Durante la madrugada del domingo, Cabello difundió un video en el que se lo observa junto a efectivos militares venezolanos, en inmediaciones del Palacio Presidencial, poco después de que se registraran disparos y detonaciones en la zona. En las imágenes, el funcionario lanzó consignas dirigidas a consolidar la lealtad interna: "Leales siempre, traidores nunca" y "Dudar es traición".
Más tarde, el Ministerio del Poder Popular para Relaciones Interiores, Justicia y Paz informó que Cabello realizó un recorrido por la parroquia Caricuao, donde —según el comunicado oficial— reafirmó "el compromiso del Gobierno Bolivariano con la defensa integral de la patria y la protección del pueblo, frente a los ataques imperiales que buscan socavar la soberanía y la estabilidad de todos los venezolanos".
En declaraciones recientes, Cabello también evocó la figura de Hugo Chávez y reiteró su respaldo a Maduro. "Se nos fue el comandante Chávez y nosotros seguimos adelante. A Nicolás lo vamos a rescatar, pero si algo le pasa a alguno, nosotros tenemos que seguir adelante, levantar su bandera por la paz, por la independencia, por la soberanía y por la vida", afirmó.
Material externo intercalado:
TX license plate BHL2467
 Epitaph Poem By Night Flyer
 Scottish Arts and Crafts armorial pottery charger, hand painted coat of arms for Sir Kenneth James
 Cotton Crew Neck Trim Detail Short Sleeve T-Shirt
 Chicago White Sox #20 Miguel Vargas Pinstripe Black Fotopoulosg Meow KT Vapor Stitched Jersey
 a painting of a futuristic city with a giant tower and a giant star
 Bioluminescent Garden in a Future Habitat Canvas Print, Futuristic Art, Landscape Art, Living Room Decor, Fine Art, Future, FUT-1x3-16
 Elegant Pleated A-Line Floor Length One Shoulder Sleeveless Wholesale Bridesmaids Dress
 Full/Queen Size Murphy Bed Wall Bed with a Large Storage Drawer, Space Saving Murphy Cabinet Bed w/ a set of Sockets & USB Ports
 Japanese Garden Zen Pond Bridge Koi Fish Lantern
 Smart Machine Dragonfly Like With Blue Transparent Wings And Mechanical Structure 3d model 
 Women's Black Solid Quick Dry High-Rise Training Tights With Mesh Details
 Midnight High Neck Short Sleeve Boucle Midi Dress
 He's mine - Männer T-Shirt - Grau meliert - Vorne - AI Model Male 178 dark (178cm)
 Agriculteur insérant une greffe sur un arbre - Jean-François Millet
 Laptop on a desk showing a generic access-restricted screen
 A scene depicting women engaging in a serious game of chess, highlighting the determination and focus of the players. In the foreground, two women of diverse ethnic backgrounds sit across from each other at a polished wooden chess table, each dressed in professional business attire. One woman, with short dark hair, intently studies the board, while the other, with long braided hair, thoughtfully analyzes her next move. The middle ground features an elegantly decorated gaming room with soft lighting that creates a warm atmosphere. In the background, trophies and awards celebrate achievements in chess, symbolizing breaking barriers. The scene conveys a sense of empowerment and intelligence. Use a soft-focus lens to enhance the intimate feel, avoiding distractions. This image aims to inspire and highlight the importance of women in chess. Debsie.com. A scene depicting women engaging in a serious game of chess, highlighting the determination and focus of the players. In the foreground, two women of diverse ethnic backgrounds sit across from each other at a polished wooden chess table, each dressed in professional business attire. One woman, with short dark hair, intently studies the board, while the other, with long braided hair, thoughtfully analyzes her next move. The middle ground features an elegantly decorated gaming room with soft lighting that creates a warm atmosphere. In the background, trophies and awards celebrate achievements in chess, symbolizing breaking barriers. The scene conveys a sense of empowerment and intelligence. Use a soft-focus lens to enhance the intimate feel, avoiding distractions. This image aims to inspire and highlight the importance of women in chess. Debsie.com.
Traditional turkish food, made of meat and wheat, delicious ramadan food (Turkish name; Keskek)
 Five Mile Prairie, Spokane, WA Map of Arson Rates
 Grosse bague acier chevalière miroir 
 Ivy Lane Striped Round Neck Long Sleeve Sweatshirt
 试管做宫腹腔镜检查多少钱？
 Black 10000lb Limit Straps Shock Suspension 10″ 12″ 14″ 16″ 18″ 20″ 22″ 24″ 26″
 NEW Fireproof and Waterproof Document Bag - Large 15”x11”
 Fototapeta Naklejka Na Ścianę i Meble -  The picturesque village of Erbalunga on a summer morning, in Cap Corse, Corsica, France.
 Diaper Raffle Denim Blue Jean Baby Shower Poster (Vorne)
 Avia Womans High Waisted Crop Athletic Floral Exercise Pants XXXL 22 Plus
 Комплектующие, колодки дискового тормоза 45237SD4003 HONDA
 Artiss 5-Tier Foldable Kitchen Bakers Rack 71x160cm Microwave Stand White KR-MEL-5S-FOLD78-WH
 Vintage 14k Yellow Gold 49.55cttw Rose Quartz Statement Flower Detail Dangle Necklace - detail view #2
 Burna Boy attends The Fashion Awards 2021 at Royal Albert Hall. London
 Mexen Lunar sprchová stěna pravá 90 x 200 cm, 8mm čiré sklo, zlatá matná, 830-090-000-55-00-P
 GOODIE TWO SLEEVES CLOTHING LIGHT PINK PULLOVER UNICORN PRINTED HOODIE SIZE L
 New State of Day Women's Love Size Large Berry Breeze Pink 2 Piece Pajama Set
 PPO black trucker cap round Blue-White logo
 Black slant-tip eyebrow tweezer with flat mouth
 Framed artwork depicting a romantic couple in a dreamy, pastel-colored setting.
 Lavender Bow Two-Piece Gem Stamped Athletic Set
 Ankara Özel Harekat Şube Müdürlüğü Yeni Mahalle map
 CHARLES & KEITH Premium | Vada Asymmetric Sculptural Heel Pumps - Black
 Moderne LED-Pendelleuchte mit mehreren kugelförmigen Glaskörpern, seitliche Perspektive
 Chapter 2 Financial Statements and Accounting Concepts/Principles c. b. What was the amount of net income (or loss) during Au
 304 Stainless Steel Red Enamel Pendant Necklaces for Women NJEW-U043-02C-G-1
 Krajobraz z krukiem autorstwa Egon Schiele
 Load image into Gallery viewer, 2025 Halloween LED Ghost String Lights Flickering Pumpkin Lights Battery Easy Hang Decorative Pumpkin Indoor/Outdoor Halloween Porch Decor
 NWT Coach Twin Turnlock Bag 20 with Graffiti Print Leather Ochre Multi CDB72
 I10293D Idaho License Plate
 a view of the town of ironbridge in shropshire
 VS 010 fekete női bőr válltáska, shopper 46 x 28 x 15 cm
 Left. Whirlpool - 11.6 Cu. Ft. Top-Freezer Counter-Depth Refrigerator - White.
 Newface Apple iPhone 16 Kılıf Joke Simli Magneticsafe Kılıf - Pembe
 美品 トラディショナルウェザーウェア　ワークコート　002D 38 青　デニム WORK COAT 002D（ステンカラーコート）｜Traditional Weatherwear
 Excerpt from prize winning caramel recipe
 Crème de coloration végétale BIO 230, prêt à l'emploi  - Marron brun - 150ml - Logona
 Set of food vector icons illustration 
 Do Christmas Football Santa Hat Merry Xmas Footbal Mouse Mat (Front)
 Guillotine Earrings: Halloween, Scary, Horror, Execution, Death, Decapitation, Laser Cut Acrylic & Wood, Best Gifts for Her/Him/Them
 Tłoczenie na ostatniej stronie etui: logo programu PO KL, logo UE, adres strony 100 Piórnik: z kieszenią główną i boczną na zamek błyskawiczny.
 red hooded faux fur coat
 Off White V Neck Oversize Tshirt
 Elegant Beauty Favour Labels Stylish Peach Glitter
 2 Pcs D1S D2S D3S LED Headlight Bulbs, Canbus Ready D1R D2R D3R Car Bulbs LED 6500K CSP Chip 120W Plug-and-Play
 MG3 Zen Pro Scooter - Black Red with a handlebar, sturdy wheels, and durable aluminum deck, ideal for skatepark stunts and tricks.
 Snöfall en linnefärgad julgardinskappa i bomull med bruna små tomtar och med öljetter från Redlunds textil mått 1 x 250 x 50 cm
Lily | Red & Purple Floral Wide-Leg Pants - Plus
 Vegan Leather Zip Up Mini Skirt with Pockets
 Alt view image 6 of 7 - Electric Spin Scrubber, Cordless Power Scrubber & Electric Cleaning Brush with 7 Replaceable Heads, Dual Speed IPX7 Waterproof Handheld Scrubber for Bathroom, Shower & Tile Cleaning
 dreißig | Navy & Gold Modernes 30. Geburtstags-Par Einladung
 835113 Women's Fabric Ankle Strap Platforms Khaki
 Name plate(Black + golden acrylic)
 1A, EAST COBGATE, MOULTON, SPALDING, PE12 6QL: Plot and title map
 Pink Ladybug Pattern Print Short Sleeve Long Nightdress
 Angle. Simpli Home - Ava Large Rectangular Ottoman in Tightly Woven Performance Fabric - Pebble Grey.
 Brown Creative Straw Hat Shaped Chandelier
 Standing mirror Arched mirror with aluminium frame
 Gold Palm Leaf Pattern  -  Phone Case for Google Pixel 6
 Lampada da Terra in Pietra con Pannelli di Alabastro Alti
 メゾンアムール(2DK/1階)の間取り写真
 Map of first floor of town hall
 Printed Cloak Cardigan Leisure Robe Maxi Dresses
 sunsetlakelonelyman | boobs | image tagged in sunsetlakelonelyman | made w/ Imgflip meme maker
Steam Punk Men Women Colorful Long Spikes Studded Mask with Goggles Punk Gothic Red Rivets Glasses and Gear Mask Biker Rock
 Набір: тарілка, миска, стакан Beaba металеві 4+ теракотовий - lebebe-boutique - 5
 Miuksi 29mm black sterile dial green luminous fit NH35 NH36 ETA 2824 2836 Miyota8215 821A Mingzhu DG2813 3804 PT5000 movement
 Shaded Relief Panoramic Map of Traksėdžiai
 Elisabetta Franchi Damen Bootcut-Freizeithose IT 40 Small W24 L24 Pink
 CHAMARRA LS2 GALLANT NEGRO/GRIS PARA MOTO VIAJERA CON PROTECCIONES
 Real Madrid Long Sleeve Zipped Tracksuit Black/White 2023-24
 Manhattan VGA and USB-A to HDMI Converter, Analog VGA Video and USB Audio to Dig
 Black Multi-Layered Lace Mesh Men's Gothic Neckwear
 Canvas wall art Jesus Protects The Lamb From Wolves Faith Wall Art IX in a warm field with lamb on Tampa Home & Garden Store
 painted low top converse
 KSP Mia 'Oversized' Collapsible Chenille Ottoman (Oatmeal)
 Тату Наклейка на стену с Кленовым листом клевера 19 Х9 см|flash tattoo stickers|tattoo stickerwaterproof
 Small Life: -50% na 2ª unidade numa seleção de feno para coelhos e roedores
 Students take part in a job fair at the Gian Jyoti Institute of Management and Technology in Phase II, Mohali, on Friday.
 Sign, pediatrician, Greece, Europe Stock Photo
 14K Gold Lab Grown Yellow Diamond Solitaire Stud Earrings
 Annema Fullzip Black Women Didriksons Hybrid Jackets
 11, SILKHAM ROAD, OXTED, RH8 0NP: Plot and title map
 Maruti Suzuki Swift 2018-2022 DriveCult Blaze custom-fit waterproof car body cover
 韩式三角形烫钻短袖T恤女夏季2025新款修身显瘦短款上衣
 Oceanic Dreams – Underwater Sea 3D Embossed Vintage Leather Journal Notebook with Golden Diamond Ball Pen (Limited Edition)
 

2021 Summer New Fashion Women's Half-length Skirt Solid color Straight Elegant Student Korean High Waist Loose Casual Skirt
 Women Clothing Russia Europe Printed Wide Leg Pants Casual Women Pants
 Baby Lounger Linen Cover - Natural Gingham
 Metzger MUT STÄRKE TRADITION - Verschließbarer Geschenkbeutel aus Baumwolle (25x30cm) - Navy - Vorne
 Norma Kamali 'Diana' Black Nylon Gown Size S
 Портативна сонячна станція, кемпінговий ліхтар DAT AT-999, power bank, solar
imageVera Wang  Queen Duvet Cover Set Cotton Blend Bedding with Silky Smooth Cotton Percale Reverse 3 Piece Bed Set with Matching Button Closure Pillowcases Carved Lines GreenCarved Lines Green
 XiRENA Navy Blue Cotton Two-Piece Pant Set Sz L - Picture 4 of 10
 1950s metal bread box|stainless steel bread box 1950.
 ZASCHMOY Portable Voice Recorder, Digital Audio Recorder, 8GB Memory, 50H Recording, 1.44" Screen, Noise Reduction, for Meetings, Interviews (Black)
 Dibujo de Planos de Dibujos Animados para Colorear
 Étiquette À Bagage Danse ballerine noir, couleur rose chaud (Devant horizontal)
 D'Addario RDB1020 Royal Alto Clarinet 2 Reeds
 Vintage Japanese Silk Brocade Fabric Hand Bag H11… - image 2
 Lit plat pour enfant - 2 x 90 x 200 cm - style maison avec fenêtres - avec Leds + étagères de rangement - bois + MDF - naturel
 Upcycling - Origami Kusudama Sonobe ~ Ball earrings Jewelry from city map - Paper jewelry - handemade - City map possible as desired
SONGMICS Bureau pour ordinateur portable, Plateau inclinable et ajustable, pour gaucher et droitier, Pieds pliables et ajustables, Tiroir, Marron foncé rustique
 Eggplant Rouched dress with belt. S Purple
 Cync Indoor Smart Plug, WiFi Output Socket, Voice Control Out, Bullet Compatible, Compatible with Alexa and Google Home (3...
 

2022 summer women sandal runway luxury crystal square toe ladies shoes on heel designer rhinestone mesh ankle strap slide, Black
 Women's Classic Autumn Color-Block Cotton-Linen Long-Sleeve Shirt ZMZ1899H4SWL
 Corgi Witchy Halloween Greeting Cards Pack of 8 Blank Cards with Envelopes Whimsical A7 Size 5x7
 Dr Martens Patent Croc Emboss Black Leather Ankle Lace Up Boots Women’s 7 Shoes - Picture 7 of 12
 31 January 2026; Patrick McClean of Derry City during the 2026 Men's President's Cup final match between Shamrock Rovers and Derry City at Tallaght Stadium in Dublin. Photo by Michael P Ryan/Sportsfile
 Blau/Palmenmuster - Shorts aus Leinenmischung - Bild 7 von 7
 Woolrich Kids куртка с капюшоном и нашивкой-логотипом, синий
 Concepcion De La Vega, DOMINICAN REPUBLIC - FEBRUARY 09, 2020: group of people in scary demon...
El ministro, considerado históricamente como el principal referente del chavismo después de Maduro, alertó sobre presuntos intentos del "imperialismo" por dividir a la Fuerza Armada Nacional Bolivariana (FANB). "Que nadie se ponga a hacerle juego al imperialismo. Aquí la unidad de las fuerzas revolucionarias está más que garantizada porque hay un solo presidente, Nicolás Maduro Moros, electo por nuestro pueblo", sostuvo.
Cabello insistió además en exigir la devolución de Maduro y Flores, quienes permanecen detenidos en Nueva York, donde enfrentan cargos por narcoterrorismo, tráfico de drogas y posesión de armas, entre otros delitos.
Advertencia de la ONU
En paralelo, la Organización de las Naciones Unidas (ONU) advirtió que la situación en Venezuela podría deteriorarse aún más tras la intervención militar de Estados Unidos. El Alto Comisionado para los Derechos Humanos, Volker Türk, alertó que la creciente militarización y la inestabilidad política podrían agravar las violaciones a los derechos humanos.
El organismo señaló que el estado de emergencia decretado por las autoridades venezolanas autoriza restricciones a la libre circulación, la confiscación de bienes considerados necesarios para la defensa nacional y la suspensión de los derechos de reunión y protesta.
Ante este escenario, la ONU pidió tanto a Estados Unidos como a Venezuela, y a la comunidad internacional en general, garantizar el pleno respeto del derecho internacional y de los derechos humanos. En su comunicado, el organismo recordó que la situación humanitaria y de derechos humanos en Venezuela atraviesa un "continuo deterioro" desde hace más de una década, y advirtió que el actual conflicto podría profundizar esa crisis.